French Strikes Continue – Longest in 50 Years

Protests continue in France as strikes by workers have now lasted over a month, making it the longest strike in France since 1968.

Workers in France can stop working at a much younger age than people in many other countries. The government offers many workers a pension.

But France’s government has 42 different pension systems, and French President Emmanuel Macron wants to simplify this. Mr. Macron says the government can’t afford to keep paying the pensions and that it isn’t fair to future workers not to fix the system.

Protest in Paris over pension reform on December 28, 2019.
Workers in France have been striking for over a month to protest planned changes to the pension system. President Macron says he will move ahead with the changes. The picture shows a protest in Paris on December 28.
(Source: Paule Bodilis/Jeanne Menjoulet, via Flickr.com.)

But workers don’t like Mr. Macron’s planned changes. They worry they’ll have to work longer and be paid less.

The strike, which started in early December, has hit trains and subways especially hard and made it difficult for people to get around.

Over 60% of French people support the strike, but that support is getting weaker. People are getting tired of dealing with the effects of the strike. Many workers are suffering after a month without pay, and businesses have lost a lot of money because of the strikes.

But workers aren’t giving up. A huge general protest is planned for January 9. Other protesters plan to block off locations that provide France’s fuel for four days starting January 7.

Mr. Macron says he will move ahead with the changes, but he hopes workers will talk with the government to find solutions both sides can accept.

Germany Lowers Long-Distance Train Prices

Starting Wednesday, long-distance train riders in Germany got a 10% cut on ticket prices. The move is part of the German government’s efforts to tackle the climate crisis.  The hope is that more people will take trains instead of planes, which pollute more.

Red train at the Hauptbahnhof in Dresden, Germany.
Germany’s railway company lowered prices for long-distance trips by 10%. The company can do this because the government lowered the tax on train travel from 19% to 7% to encourage more people to travel by train. Above is a train station in Dresden, Germany.
(Source: Lupus [CC BY-SA 4.0], via Wikimedia Commons.)

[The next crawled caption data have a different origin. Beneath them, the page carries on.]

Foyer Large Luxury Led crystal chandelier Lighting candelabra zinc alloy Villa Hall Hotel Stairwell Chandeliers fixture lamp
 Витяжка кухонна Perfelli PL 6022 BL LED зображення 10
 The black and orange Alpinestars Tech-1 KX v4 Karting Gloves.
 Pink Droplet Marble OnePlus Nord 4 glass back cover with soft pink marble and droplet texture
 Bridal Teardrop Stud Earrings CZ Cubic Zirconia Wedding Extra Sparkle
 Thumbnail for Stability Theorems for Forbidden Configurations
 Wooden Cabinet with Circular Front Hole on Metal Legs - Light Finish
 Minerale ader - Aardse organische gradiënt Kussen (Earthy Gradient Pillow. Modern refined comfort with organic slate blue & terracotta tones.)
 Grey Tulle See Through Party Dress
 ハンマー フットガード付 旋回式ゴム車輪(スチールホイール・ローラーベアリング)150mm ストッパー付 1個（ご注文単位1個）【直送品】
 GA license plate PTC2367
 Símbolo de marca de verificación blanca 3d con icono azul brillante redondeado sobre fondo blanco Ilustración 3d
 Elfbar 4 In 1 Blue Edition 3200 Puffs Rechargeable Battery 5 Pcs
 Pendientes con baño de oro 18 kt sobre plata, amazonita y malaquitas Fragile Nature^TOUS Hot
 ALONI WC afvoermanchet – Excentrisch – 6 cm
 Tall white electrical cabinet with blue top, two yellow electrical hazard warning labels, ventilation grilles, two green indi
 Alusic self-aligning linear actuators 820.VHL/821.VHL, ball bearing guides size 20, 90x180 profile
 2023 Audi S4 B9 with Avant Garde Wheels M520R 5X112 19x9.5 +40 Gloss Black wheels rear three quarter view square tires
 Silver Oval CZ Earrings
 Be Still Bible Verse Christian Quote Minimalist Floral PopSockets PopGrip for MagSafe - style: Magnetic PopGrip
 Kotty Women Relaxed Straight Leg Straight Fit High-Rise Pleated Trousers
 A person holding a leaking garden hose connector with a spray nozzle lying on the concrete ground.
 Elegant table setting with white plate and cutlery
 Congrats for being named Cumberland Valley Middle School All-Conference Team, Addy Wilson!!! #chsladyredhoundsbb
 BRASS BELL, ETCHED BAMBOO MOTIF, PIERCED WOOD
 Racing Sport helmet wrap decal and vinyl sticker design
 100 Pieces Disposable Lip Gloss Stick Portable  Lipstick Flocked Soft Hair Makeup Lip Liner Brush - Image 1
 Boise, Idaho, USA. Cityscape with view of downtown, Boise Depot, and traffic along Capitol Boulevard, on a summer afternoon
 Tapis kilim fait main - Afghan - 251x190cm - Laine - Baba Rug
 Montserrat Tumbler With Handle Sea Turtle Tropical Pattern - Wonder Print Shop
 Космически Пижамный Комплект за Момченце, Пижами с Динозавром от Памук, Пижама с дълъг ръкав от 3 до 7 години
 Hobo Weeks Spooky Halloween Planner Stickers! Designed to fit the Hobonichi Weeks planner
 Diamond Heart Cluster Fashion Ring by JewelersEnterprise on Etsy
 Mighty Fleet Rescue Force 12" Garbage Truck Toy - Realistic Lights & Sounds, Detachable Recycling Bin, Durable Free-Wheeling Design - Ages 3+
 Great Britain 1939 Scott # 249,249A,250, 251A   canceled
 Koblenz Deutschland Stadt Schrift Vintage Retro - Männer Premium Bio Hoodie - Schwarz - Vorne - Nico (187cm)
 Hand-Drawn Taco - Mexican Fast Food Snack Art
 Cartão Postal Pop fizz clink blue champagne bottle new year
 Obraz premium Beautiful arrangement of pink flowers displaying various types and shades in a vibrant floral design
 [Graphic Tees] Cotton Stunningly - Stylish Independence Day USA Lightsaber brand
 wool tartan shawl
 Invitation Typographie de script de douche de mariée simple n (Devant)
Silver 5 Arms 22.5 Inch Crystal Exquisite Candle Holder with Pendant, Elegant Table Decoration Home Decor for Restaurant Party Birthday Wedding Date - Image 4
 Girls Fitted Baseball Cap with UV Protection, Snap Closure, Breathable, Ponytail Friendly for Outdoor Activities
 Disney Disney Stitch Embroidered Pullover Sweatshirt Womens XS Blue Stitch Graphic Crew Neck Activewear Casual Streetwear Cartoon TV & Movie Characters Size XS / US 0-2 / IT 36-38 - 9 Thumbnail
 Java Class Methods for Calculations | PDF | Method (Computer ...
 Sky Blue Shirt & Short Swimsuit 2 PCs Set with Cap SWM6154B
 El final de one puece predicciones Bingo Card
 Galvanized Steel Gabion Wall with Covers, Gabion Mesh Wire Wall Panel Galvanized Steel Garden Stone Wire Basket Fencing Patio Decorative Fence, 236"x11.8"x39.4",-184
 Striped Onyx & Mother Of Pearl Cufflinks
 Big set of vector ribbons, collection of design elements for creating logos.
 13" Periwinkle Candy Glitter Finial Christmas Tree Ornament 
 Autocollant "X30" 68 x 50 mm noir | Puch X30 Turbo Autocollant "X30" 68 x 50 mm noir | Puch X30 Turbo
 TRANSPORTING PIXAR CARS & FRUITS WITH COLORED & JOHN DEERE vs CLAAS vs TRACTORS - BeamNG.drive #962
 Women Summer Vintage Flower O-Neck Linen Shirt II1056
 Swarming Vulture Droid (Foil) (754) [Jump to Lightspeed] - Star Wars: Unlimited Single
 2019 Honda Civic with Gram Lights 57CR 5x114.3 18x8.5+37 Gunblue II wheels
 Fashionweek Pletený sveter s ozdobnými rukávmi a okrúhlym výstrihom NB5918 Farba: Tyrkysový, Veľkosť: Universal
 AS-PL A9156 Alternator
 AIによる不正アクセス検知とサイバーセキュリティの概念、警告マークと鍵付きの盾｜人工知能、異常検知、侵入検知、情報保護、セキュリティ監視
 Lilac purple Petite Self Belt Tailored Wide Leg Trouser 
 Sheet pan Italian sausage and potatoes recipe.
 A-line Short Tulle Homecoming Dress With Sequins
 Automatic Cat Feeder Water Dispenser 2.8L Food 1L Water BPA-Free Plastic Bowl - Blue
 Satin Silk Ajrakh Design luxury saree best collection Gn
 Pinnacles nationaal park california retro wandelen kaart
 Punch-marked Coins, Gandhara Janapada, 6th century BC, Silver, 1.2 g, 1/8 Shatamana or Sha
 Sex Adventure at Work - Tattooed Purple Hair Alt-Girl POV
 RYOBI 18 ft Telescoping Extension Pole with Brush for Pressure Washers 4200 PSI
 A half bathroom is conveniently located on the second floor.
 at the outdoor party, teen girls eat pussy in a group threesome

Deutsche Bahn, Germany’s railway company, lowered prices by 10% for trips longer than 31 miles (50 kilometers). The company could do this because the government lowered the tax on train travel from 19% to 7% to encourage more people to travel by train.

Deutsche Bahn believes the move could attract as many as 5 million more riders to its trains.

People traveling by train for shorter distances weren’t so lucky – they actually had a small price increase.

Washington State Highway Blocked by Tumbleweed

On New Year’s Eve, drivers on a highway in Washington state found themselves caught in an unusual storm – a storm of tumbleweeds.

Tumbleweeds are bushy plants that grow over a yard (1 meter) high. When they are grown, they break off at the base. The plant spreads its seeds as it’s blown along by the wind over open ground.

The Washington State Department of Transportation posted this picture of a car covered by tumbleweed.
Drivers traveling on New Year’s Eve had to stop because the highway was covered with tumbleweeds. When police arrived, they found the highway completely blocked, with cars buried under tumbleweeds piled as high as 30 feet (9 meters).
(Source: WSDOT East.)

Drivers traveling on New Year’s Eve found themselves unable to move along State Route 240 because it was covered with tumbleweeds. As drivers pulled to the side of the road, more tumbleweeds began to pile up on the cars.

When state police arrived, they found the highway completely blocked, with tumbleweeds piled up to 30 feet (9 meters) high. The blocked area was three football fields long.

It took police over ten hours working by hand and with snowplows to dig out the buried cars and clear the jam.